Thousands of pounds have been raised to keep XH558 air- worthy but it will soon need complicated repairs to its wings and parts which are not available.
The Vulcan to the Sky Trust, which operates the plane, plans to raise enough money to keep it flying for air shows in 2013.
But repairs needed to keepXH558 airworthy after that have been deemed too expensive.
Anthony Lloyd, 67, from Kingston Bagpuize, was a navigator on the plane during the Cold War, when it was part of the UK’s nuclear deterrent against the Soviet Union. and based at RAF Brize Norton.
He said: “I feel very sad because she is simply and utterly iconic.
“Not only has she been part of my life since 1966, when I flew in her, she has been the part of lots and lots of people’s lives.
“It is a personal loss to those millions of people at airshows who are not going to see that beast again and hear her howl.”
Mr Lloyd, who is managing director of the Fallowfields Hotel in Kingston Bagpuize, added: “My fondest memory of her was in the late 1960s during the Cold War.
“We were all in kit running out to the airplane and there was a little bit of mist and fog in the air.
“That picture, running out and seeing the Vulcan just standing there all plugged in so that you only had to press four buttons and, whoosh, you were off, was magnificent.
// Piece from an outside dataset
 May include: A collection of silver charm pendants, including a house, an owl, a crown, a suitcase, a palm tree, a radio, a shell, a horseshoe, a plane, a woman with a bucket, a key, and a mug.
I also have an amazing memory when I was in Malaysia and we knew that a Vulcan was going to do a flypast for some reason.
“As she came over our runway the captain pulled her back into what looked like a 60-degree climb. To see that great beast pull up at that angle was incredible.”
Since it was restored, XH558 has been seen by more than 10 million people at airshows.
Dr Robert Pleming, chief executive of The Vulcan to the Sky Trust, said: “At the end of next year, she will need a £200,000 modification to her wings to increase her flying life.
“We know that people would do their utmost to fund this work, but for a number of reasons we have decided not to ask them to take this risk.”
The trust said any mistakes during the “risky” repair would be impossible to rectify and parts, including a new engine, are no longer available.